■ **Task goal**: In the records below, the lines from the one containing "Satin Wide Cargo" through the last are to be reproduced exactly and alone.

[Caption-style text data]
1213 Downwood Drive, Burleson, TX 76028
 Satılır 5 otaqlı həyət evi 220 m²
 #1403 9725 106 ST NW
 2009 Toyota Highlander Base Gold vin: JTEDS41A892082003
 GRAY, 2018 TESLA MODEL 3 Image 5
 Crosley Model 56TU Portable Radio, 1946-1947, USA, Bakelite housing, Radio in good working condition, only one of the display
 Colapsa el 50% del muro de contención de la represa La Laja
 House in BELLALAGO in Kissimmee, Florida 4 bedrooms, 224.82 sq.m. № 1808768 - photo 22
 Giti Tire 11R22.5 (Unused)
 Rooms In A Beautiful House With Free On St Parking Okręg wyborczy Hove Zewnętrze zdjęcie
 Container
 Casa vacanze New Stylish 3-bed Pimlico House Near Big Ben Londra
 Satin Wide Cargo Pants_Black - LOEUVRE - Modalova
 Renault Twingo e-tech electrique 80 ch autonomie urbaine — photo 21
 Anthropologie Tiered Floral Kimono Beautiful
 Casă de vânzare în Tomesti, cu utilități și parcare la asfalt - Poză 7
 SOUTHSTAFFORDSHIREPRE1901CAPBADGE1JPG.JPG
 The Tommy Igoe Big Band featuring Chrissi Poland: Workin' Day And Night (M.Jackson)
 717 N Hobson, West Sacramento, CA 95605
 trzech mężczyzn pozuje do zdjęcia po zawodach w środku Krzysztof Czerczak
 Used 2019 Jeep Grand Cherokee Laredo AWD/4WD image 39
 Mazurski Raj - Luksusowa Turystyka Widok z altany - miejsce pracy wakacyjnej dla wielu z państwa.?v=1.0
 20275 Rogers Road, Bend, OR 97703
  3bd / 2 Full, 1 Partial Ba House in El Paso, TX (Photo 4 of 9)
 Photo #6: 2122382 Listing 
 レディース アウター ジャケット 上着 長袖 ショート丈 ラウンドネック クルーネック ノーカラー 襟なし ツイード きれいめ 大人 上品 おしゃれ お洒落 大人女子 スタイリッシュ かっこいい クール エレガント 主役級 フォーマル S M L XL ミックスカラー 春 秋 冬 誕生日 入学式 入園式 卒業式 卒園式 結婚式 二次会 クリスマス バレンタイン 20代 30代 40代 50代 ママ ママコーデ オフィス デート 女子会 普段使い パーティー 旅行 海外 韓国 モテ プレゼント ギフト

■ **Result for this exercise**:
 Satin Wide Cargo Pants_Black - LOEUVRE - Modalova
 Renault Twingo e-tech electrique 80 ch autonomie urbaine — photo 21
 Anthropologie Tiered Floral Kimono Beautiful
 Casă de vânzare în Tomesti, cu utilități și parcare la asfalt - Poză 7
 SOUTHSTAFFORDSHIREPRE1901CAPBADGE1JPG.JPG
 The Tommy Igoe Big Band featuring Chrissi Poland: Workin' Day And Night (M.Jackson)
 717 N Hobson, West Sacramento, CA 95605
 trzech mężczyzn pozuje do zdjęcia po zawodach w środku Krzysztof Czerczak
 Used 2019 Jeep Grand Cherokee Laredo AWD/4WD image 39
 Mazurski Raj - Luksusowa Turystyka Widok z altany - miejsce pracy wakacyjnej dla wielu z państwa.?v=1.0
 20275 Rogers Road, Bend, OR 97703
  3bd / 2 Full, 1 Partial Ba House in El Paso, TX (Photo 4 of 9)
 Photo #6: 2122382 Listing 
 レディース アウター ジャケット 上着 長袖 ショート丈 ラウンドネック クルーネック ノーカラー 襟なし ツイード きれいめ 大人 上品 おしゃれ お洒落 大人女子 スタイリッシュ かっこいい クール エレガント 主役級 フォーマル S M L XL ミックスカラー 春 秋 冬 誕生日 入学式 入園式 卒業式 卒園式 結婚式 二次会 クリスマス バレンタイン 20代 30代 40代 50代 ママ ママコーデ オフィス デート 女子会 普段使い パーティー 旅行 海外 韓国 モテ プレゼント ギフト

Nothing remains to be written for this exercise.